I had a headache and may have been just a touch hangry. I’m not sure I fully appreciated the delicious food and lovely conversation. Sadly, I am just too old to run around that much. Near the end of our meal, a grandmother was being guided out of the restaurant by a couple of attentive granddaughters. They had her by the elbow, but the elder was concerned about walking down the ramp adjacent to our booth.
“It’s going down!” she said, in a loud voice. “It’s going DOWN!”
All three of us could not help but pay attention.
After she was out of earshot, my funny husband said, “Was she talking about life? Or just the ramp?”
Because in many respects life is going down. Getting old is not fun. I don’t like looking in the mirror and seeing the stark evidence. I don’t like having inexplicable aches and pains on an almost daily basis. Yet I think it’s lamentable when people live in denial of truth. The ardent search for a fountain of youth is foolish. You are going to die. I’m going to die. Unless, you die early you are going to look and feel old. I strongly prefer the look of a wrinkled old woman than a stretched and puffed one. The latter strikes me as a thousand times sadder. Sure, super-stretched is an absurd look, but it also evidences a disconnect with reality. It’s like they’re wearing propaganda on their face: “It’s not going down!” Sorry, despite the Botox and the fillers and the stretching, it is indeed going down.

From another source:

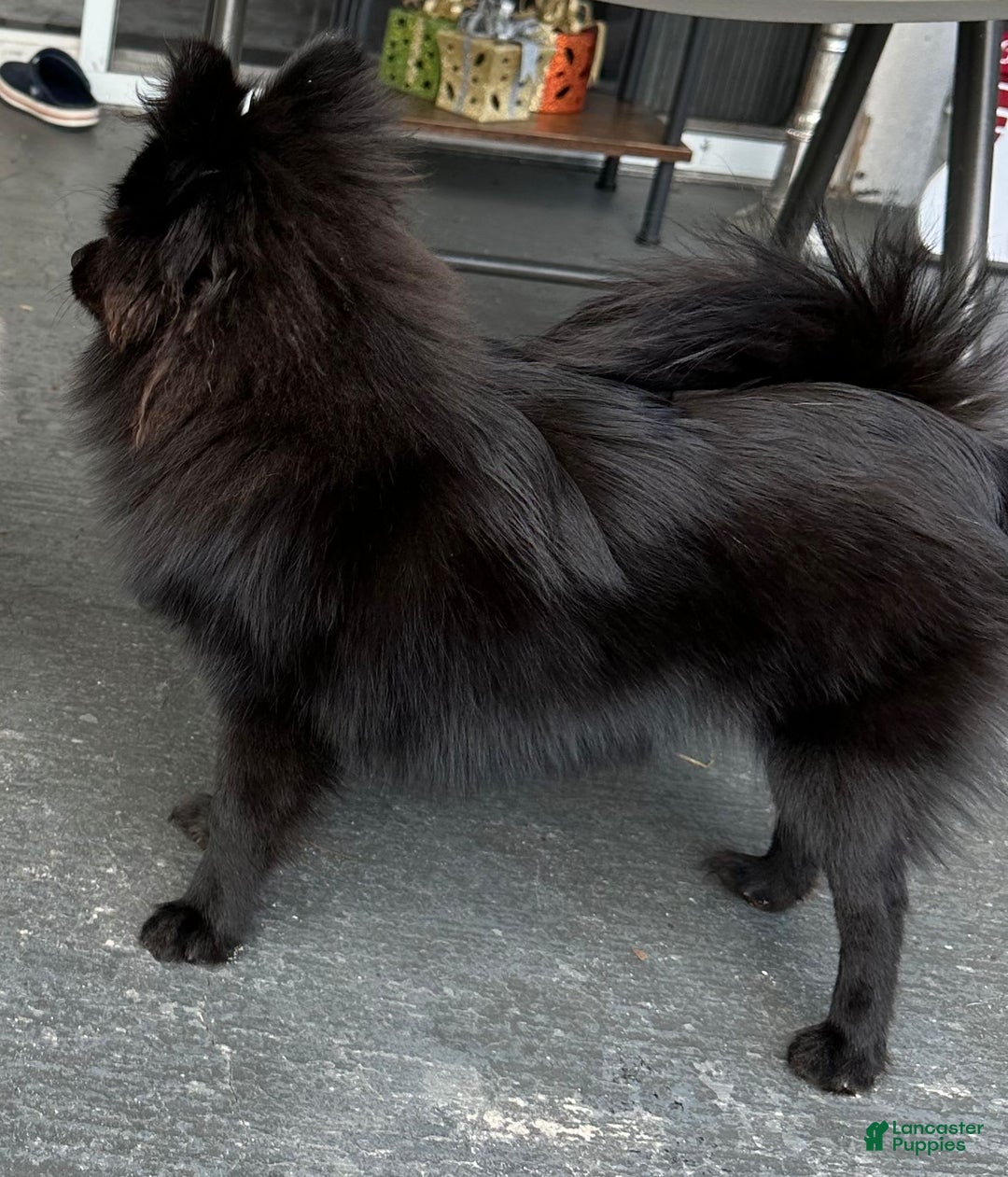 Pomeranian dogs for sale: Ozzy - Image 2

Still, there’s something deep in us that wants to reject degeneration and decay. Where did that longing come from? It came from God. He planted the idea of eternity in our hearts. He promises to meet our every need, even the longing to make all things new. But it’s not in this life. In this life we are called to trust God’s plan, “resting on the pillow of God’s sovereignty” (an expression recently used by one of my pastor’s that’s quickly become my new favorite metaphor), and to keep pressing on toward the prize.
Trust. Rest. And press on.
May I do all three of these things much much better in the days to come.
And those who know your name put their trust in you, for you, O Lord, have not forsaken those who seek you. Psalm 9:10 ESV
Come to me, all who labor and are heavy laden, and I will give you rest. Take my yoke upon you, and learn from me, for I am gentle and lowly in heart, and you will find rest for your souls. For my yoke is easy, and my burden is light. Matthew 11:28-30 ESV
I press on toward the goal for the prize of the upward call of God in Christ Jesus. Philippians 3:14 ESV.